So why is he there again? Because that neighbor, Jill Barganier, was later “hypnotized” by a cop who had never hypnotized anyone before. A cop who hinted, repeatedly, at the suspect having short or shaved hair, who told her she would continue to remember even more things about the robbery after the hypnosis. By the time she made it to court — after she had seen Flores’s picture on TV and in the news on many occasions — she was able to point to him in court as the accomplice of the the man who killed Betty Black.

There’s a lot that’s wrong with this case, obviously, but the hypnosis part is what caught the attention of magicians Penn & Teller, who recently submitted an amicus brief to the Supreme Court asking them to consider Flores’s case.

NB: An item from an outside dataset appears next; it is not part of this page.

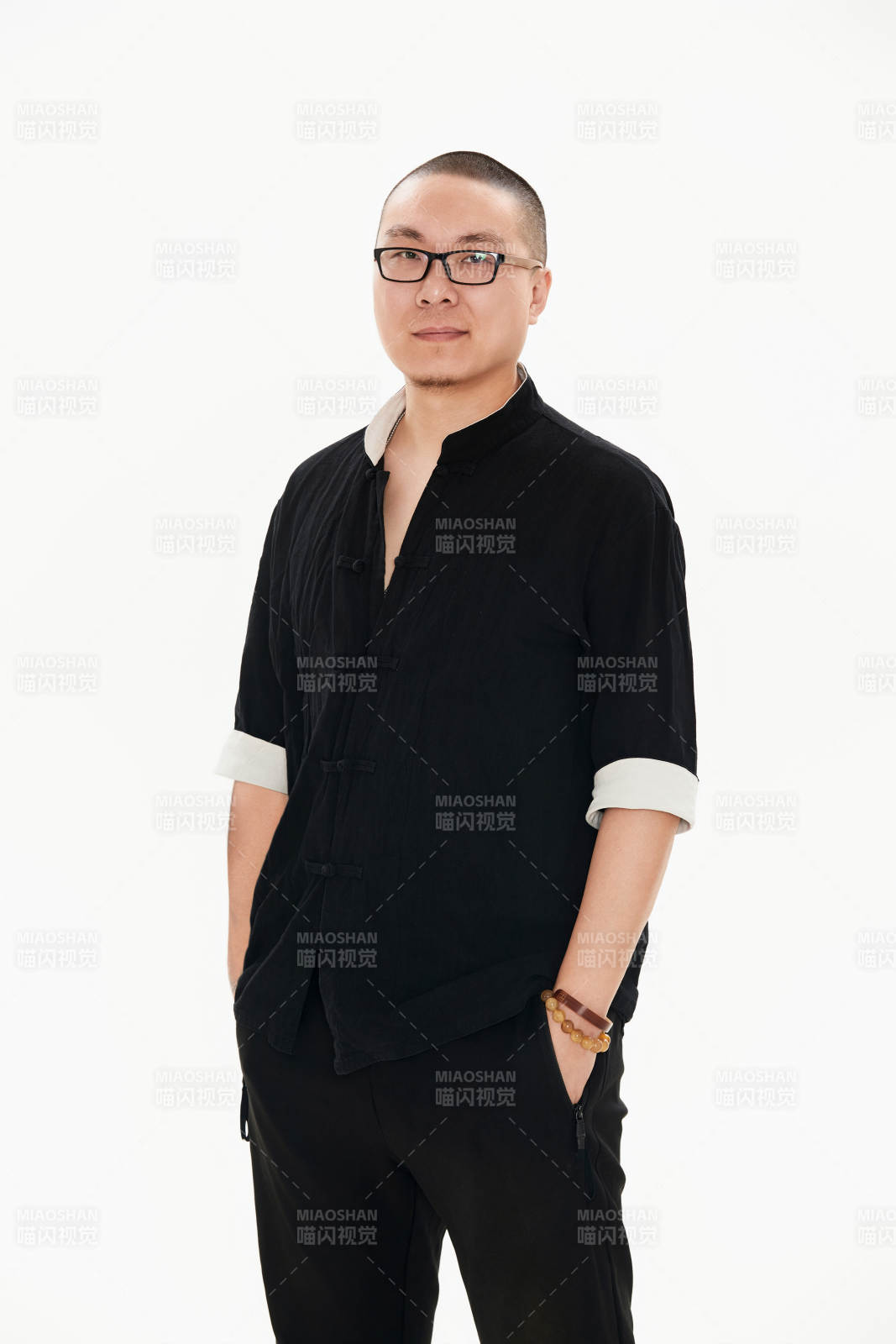 白色背景下的亚洲男士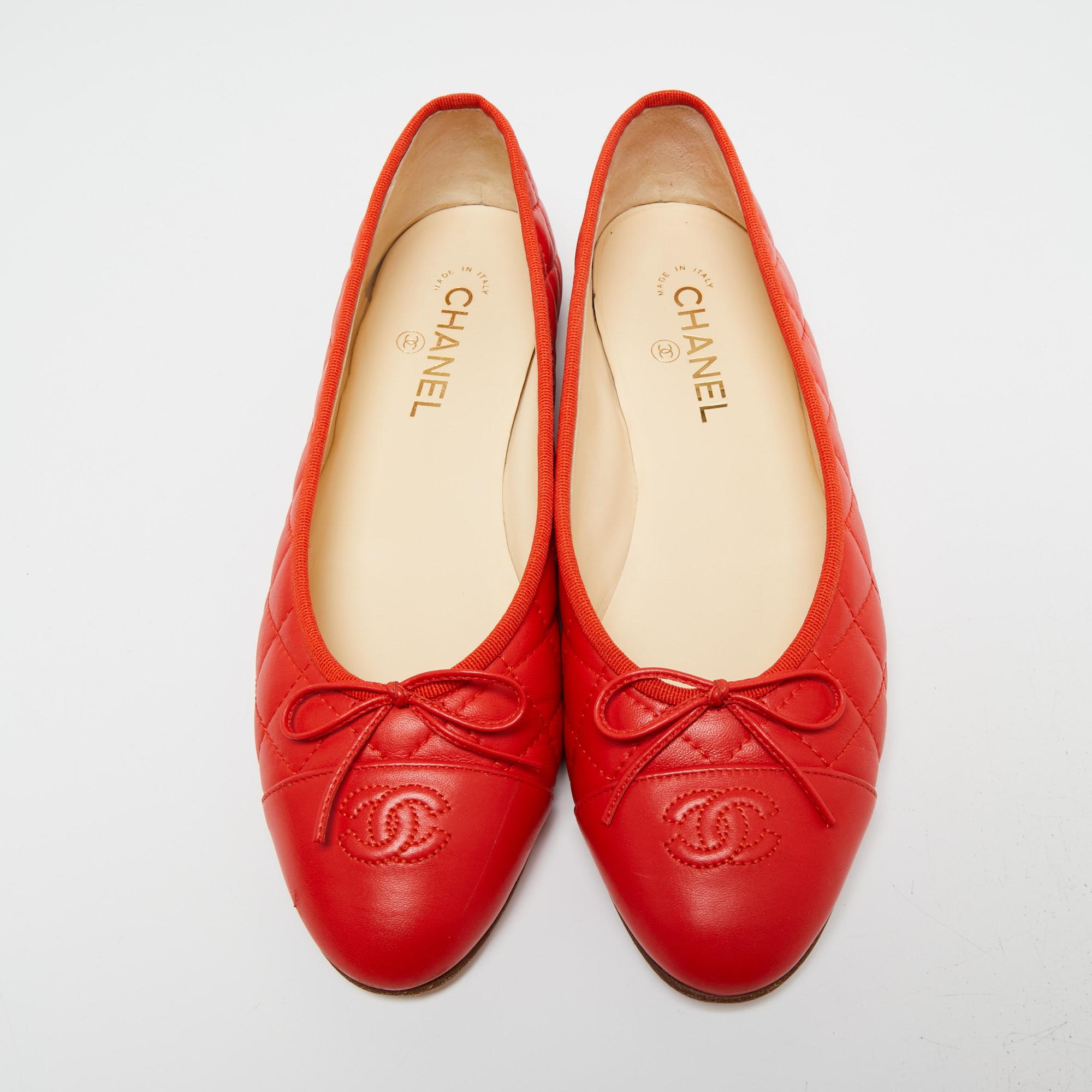 These minimal Chanel ballet flats are perfect for long hours of use and just chic enough to wear to work. Constructed using quilted leather, these shoes feature tonal cap toes with the signature CC detail and little bow detail for that distinct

Why? Because, they say, what the officer did is no different than what they do in their Vegas show every night.

“I am bringing this to you with the utmost humility,” Penn Gilette told The New York Times. “I am carny trash. I am uneducated. If you want to say I have a position of expertise, it is that I have lied to people onstage and gotten them to believe it. And I think I could do what that police officer did.”

The brief reads:

Despite the fact that Mrs. Barganier described the passenger in the car she saw at the scene of the crime as a white man with long hair, she was fed repeated suggestions by law enforcement that the passenger had “neatly trimmed” or “short, shaved” hair; she was told by the officer-hypnotist that she would remember more after the hypnosis session; and months later— after photos of Mr. Flores appeared in the press and she saw him seated at the defense table at trial— suddenly she identified him as the passenger. It is of little surprise that she was confident in her in-court identification when she saw this now-familiar face and believed she had produced it from her memory: That is exactly what the officer told her would happen. But it was not real. Some of the same cognitive techniques Penn & Teller use on stage to trick audience members’ memory and alter their perception explain how the investigative hypnosis session induced Mrs. Barganier to abandon all previous descriptions of the suspect and instead point to Mr. Flores.

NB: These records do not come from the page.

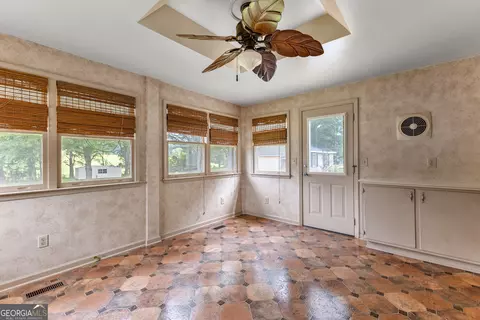 100 Jandale Dr, Lagrange, GA 30241 photo 17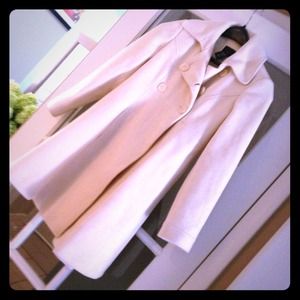 Bundled for jedwards... Gorgeous White Peacoat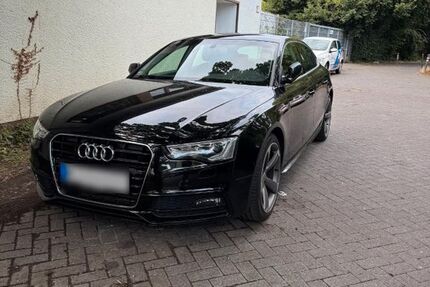 Audi A5 163.000 km 11.900 &euro; Köln 51103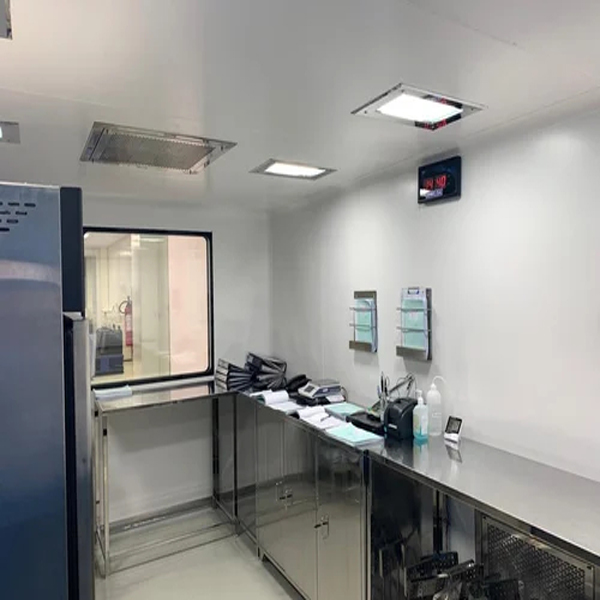 Clean Room Partition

On the tape, the officer keeps telling her that her memory is like a videotape that she can rewind and fast-forward at will. And it’s very tempting to believe that. It’s very tempting and comforting to believe that our brains are always recording whether we are aware of it or not and that, with the help of something like hypnosis, we can access those recordings. Certainly no one wants to believe that someone can more or less just jump into your brain and make you believe you saw things you didn’t see.

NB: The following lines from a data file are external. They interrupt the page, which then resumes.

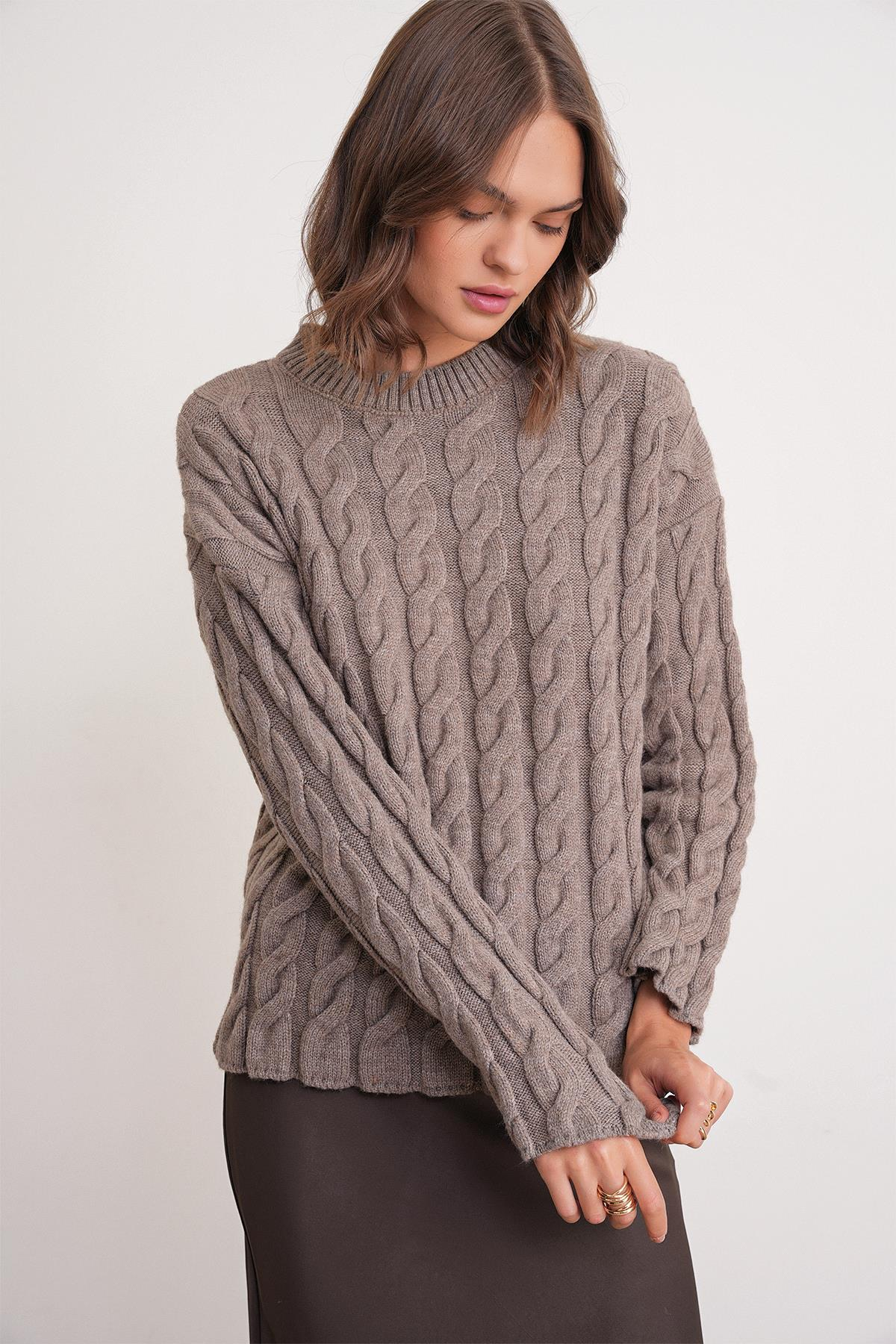 6973 Kadın Saç Örgülü Regular Basic Triko Kazak Toprak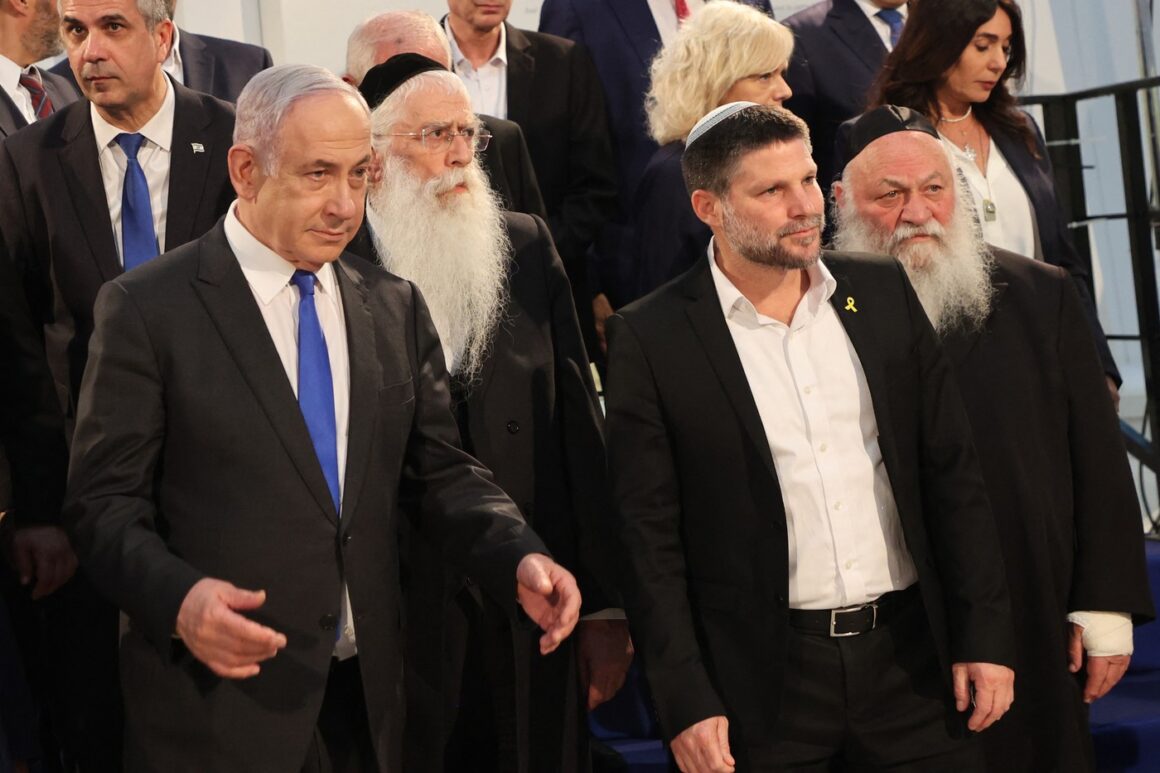 profimedia-0879127861-1.jpg Ministrul israelian al Finanțelor anunță crearea a 22 de noi așezări evreiești în Cisiordania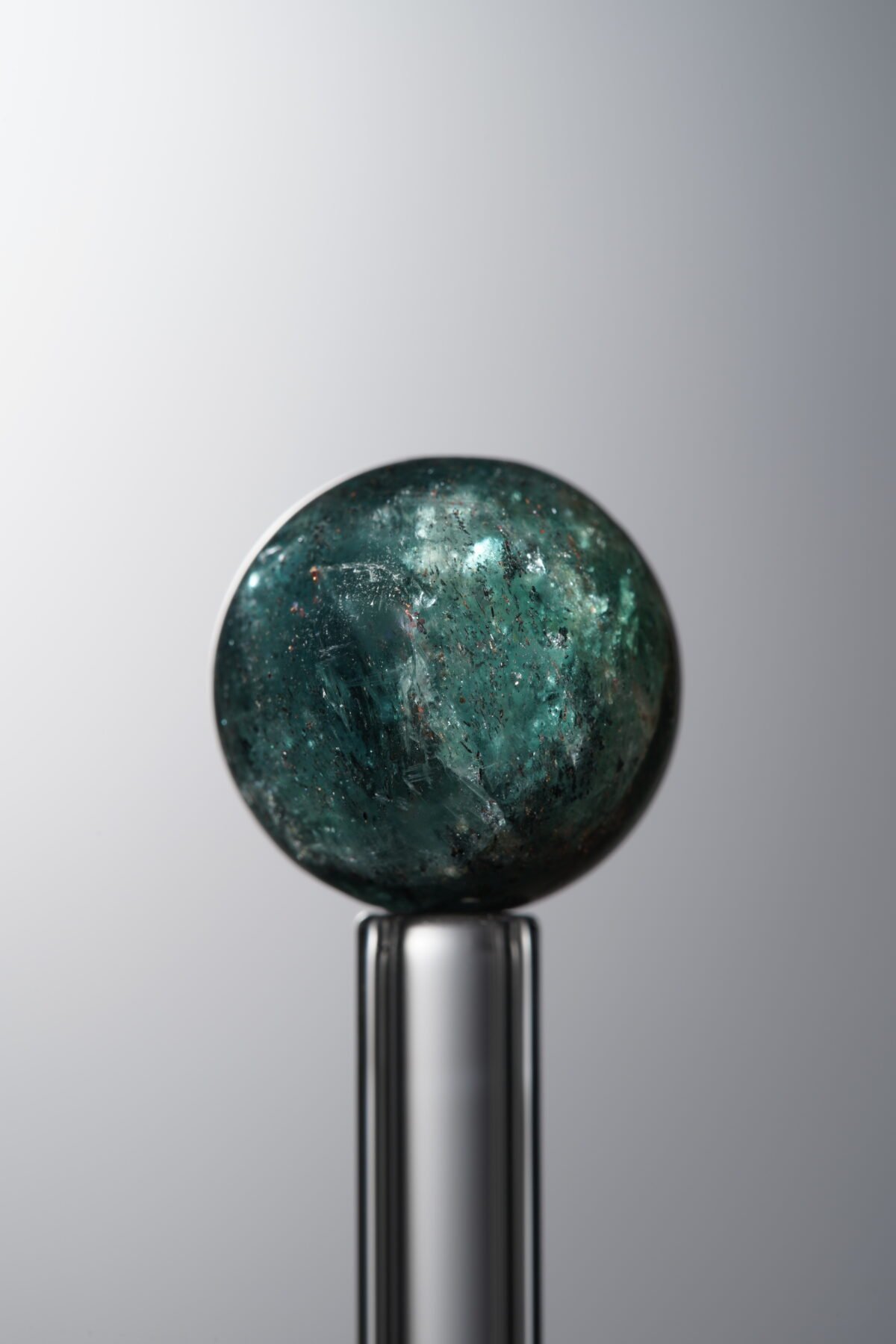 Kyanite-Green-13mm - Image 1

Our minds have a tendency to fill in the gaps if we don’t remember everything that happened in a particular situation, they explain, and memory retrieval process distorts memories — things they take advantage of as magicians.

By manipulating an audience’s memory—both in its formation and its recall—Penn & Teller get the audience to convince themselves that things have happened when, in reality, those things never occurred. That is all well and good for purposes of entertainment. But the same suggestion-based memory manipulation was also on display in the investigative hypnosis of Mrs. Barganier. And the officer-hypnotist left her believing that new things that came to mind later were true “memories” she could testify about, not merely things her brain subsequently filled in.

They can tell you exactly how he did it, as well.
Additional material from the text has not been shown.